- **Problem requirements**
When you reach the line in the data below that contains "PCB板端rca 母头8同轴锌合金50欧姆弯式", please start repeating lines exactly, and stop after the line that contains "RI license plate 481246", repeating nothing else.

- **Input records**
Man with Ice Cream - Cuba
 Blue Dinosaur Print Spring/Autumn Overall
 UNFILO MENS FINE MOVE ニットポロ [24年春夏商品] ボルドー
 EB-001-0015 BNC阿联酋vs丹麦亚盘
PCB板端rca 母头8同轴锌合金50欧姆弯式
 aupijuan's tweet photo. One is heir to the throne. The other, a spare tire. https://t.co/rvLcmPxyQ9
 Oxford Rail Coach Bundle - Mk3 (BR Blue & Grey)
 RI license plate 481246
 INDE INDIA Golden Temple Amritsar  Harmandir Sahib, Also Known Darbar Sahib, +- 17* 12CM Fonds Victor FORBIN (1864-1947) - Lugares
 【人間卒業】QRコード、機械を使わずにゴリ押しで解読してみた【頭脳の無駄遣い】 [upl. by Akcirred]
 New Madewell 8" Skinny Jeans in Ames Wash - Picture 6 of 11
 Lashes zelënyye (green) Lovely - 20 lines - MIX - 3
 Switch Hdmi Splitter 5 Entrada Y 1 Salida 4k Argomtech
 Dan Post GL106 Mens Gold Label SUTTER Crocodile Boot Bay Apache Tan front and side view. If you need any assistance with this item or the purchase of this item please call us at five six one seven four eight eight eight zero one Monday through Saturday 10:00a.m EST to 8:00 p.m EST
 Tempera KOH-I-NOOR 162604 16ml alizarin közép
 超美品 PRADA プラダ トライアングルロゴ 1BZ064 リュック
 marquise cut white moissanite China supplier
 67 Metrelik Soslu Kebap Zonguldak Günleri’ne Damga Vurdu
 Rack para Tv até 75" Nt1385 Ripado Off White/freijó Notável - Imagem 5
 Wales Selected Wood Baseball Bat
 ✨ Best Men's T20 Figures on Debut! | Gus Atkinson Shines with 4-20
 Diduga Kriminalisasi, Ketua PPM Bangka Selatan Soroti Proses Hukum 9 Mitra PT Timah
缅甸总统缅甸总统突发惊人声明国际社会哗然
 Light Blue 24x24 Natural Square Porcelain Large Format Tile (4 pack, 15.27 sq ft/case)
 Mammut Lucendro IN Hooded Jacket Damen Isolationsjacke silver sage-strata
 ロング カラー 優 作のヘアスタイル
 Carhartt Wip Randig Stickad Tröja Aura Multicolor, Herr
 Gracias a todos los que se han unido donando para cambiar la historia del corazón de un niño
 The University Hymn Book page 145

- **Task solution**
PCB板端rca 母头8同轴锌合金50欧姆弯式
 aupijuan's tweet photo. One is heir to the throne. The other, a spare tire. https://t.co/rvLcmPxyQ9
 Oxford Rail Coach Bundle - Mk3 (BR Blue & Grey)
 RI license plate 481246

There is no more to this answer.